From alliance to confrontation in Yemen
The split has been clear in Yemen, an impoverished, war-ravaged country at the southern tip of the Persian Gulf. When Saudi Arabia and the Emirates launched a bombing campaign in 2015, they presented a united front to combat the Iran-backed Houthis and restore Yemen’s internationally recognized government.
Over time, that objective splintered.
Sharing a long, porous border, Saudi Arabia saw a unified Yemen as essential to preventing hostile forces from threatening its southern flank.
The Emirates, lacking any border with Yemen, cultivated allies, notably supporting the Southern Transitional Council — an armed group seeking a breakaway state in the south.

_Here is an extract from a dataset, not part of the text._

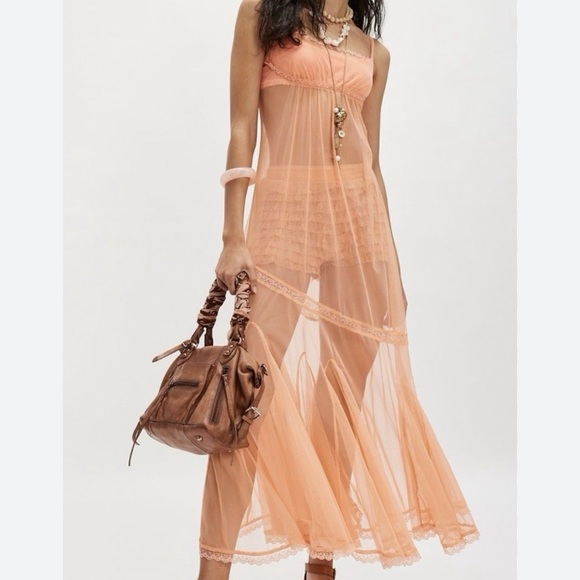 Free People Dresses & Skirts - Free People mesh maxi dress xs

That alliance granted the Emiratis sway over strategic ports and shipping routes in the southern Arabian Peninsula.
By late 2025, those diverging interests had escalated into direct confrontation when Emirati-backed forces seized territory in southern and eastern Yemen, encompassing resource-rich areas critical to Saudi interests.

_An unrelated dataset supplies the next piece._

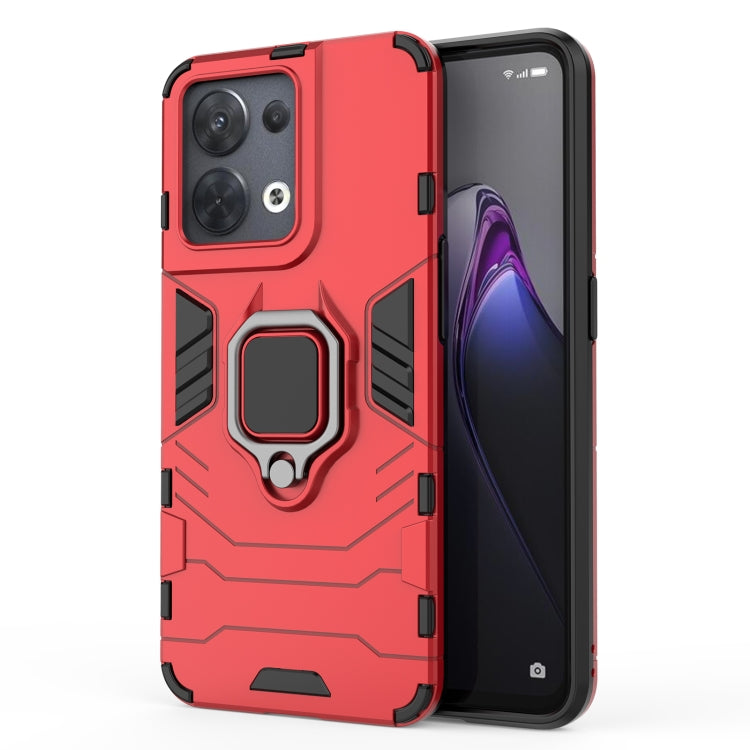 For OPPO Reno8 Shockproof PC + TPU Protective Phone Case with Magnetic Ring Holder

The crisis reached a climax in December, when Saudi-led forces bombed what they said was an Emirati weapons shipment bound for Yemeni separatists.

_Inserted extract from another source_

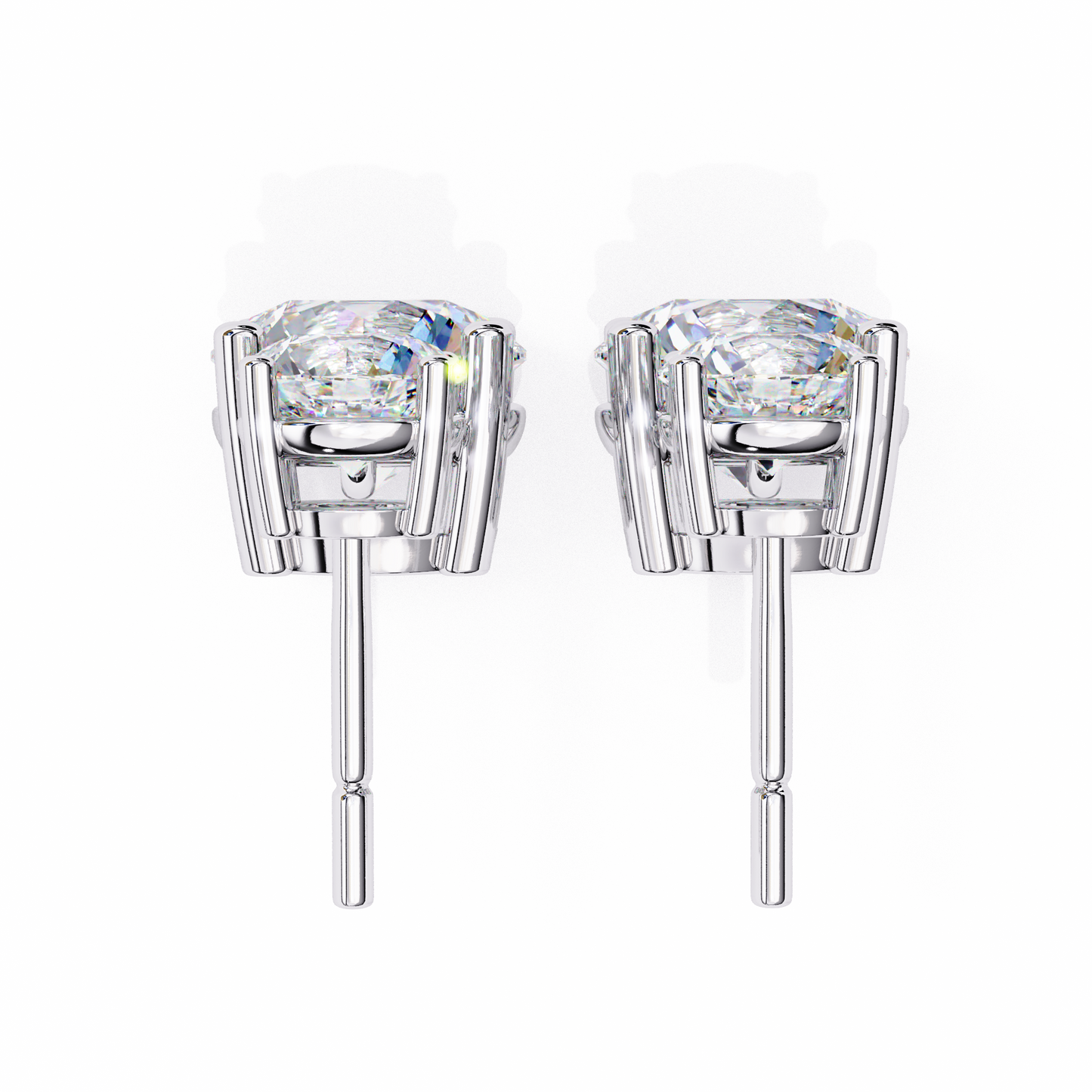 7.46 CTW Graduated Round Lab-Grown Diamond Drop Earrings in 14K Gold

Competing visions in Sudan
The rivalry has also played out in East Africa, where a civil war in Sudan has killed tens of thousands and created one of the world’s worst humanitarian crises.
After President Omar al-Bashir’s ouster in 2019, both Saudi Arabia and the Emirates sought to shape Sudan’s political transition. As the country descended into conflict, their approaches diverged.
Saudi Arabia backs the Sudanese military, framing the support as an effort to preserve state institutions and prevent further chaos. Saudi officials view stability in Sudan as crucial to the security of Egypt — an important Saudi ally — and to the balance of power along the Red Sea.
The Emirates has been accused of supporting the Rapid Support Forces, a rival, paramilitary group. Emirati officials deny those allegations, despite evidence to the contrary.
Friction, but no sign of severing ties
The rift has even drawn in the White House. In November, President Trump told Sheikh Mohammed of the Emirates that Prince Mohammed of Saudi Arabia had urged him to impose sanctions on the Emirates over its alleged support for the Rapid Support Forces in Sudan, according to four people briefed on the call.
Within weeks, the spat between the two countries became bitterly public, shattering decades of official cordiality.
Still, neither Gulf country has signaled a willingness to sever ties, and officials on both sides describe the relationship as strategically important. Historically, in times of crisis, the countries have banded together.
After the Emirates came under renewed Iranian attack on Monday, Prince Mohammed called Sheikh Mohammed to condemn the strikes and to express support for the Emirates as it defends its security, the official Saudi news agency reported.
But the Emirates’ OPEC departure indicated that even the war with Iran cannot erase fundamental tensions between the two leaders. The strained relationship between the Gulf powerhouses is likely to influence the region’s trajectory for years to come.
Vivian Nereim contributed reporting from Riyadh, Saudi Arabia.